For NCFC player, activism has become part of his game
The messages keep pouring in, to the point where Austin da Luz isn't sure what he'll find when he picks up his phone after two hours of training. The fundraising campaign the North Carolina FC midfielder started is beginning to take on a life of its own, beyond anything he imagined.
Something good came out of da Luz's anger over House Bill 2 and the way it left his home state portrayed nationally. Desperate to do something, he pledged to donate to LGBTQ rights organizations for every game played, game started, goals and assists and asked other soccer players, fans and supporters' groups to join him. Last summer, Playing for Pride raised over $13,000. This year, who knows?
In two days this week, the number of players signed up doubled to more than 70, and there are still more than two weeks to go before things officially kick off.
“Last year was more people I knew or had one degree of separation,” da Luz said. “This year, it's gone completely off the rails.”
Da Luz doesn't even know most of this year's participants, other than by reputation.
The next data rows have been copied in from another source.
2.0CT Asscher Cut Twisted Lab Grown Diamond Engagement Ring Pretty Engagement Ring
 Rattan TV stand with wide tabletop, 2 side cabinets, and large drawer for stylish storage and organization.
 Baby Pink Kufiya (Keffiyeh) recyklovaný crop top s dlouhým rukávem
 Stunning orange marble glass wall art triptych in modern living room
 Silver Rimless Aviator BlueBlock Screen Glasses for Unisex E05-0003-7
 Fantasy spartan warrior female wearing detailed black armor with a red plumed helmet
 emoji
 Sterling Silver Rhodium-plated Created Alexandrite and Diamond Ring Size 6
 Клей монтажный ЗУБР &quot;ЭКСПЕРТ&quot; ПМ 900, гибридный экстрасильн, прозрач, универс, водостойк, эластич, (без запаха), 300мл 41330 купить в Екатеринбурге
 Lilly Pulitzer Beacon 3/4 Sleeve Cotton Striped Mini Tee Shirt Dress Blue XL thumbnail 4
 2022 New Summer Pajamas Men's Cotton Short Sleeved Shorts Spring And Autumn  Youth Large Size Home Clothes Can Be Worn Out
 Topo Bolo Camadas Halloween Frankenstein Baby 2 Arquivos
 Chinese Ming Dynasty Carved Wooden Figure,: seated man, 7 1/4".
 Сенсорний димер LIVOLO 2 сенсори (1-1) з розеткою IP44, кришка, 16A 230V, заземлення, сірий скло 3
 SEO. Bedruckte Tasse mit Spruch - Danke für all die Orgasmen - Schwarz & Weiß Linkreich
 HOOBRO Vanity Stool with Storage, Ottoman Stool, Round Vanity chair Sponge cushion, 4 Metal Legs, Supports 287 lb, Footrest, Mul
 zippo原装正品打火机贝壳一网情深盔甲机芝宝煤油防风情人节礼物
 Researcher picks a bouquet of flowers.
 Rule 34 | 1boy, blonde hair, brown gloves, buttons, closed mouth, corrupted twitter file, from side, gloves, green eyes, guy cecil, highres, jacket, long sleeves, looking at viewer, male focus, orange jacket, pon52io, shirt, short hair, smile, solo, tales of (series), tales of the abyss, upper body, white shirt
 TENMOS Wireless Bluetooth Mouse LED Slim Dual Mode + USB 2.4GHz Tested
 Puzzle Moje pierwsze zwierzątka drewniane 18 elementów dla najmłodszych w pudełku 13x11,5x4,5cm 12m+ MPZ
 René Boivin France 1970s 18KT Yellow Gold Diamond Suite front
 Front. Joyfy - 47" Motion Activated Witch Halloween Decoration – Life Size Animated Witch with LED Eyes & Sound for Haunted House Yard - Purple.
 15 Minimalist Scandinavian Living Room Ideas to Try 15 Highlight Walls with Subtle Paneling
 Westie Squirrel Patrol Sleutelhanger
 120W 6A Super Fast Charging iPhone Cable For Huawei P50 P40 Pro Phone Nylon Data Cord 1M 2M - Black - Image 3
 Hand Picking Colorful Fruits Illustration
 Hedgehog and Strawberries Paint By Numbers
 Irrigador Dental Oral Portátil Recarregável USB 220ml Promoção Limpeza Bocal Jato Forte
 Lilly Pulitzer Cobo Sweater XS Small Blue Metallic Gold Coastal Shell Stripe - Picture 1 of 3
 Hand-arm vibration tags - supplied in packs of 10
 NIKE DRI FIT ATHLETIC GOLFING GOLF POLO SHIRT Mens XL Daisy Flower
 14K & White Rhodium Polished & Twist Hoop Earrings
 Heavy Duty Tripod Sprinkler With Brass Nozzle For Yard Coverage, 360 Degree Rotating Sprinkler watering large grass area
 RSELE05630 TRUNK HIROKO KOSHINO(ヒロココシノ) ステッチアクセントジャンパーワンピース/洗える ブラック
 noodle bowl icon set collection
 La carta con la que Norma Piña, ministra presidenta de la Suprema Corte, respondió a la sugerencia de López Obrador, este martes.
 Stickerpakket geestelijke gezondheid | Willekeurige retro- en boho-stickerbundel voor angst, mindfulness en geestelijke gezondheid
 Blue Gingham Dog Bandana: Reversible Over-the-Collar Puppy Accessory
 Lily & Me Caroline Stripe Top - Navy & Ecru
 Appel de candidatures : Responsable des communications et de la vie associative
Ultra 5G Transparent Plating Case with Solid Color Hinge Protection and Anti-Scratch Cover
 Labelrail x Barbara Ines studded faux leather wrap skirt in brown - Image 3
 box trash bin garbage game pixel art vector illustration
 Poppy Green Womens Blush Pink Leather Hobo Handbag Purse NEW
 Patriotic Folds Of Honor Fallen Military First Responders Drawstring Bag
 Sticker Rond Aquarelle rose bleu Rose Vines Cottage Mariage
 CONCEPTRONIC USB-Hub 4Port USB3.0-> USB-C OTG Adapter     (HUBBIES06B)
There are U.S. national team players, men and women both, like Brad Evans, Chris Wondolowski and Becky Sauerbrunn. There are fellow players from NCFC and the NC Courage and from MLS, the USL, NWSL, PDL and NPSL, even Iceland and Australia and the U.S. Paralympic National Team.
All because da Luz – a 30-year-old straight, cisgender male – was angry about HB2 and wanted to do something to stand in solidarity with the LGBTQ community. Da Luz grew up in Winston-Salem, where his father is the women's soccer coach at Wake Forest, won an NCAA title playing for the Demon Deacons and has spent the majority of his career making plays in the NCFC midfield, outside of a few stints in MLS. North Carolina is his home, and he felt like it needed defending.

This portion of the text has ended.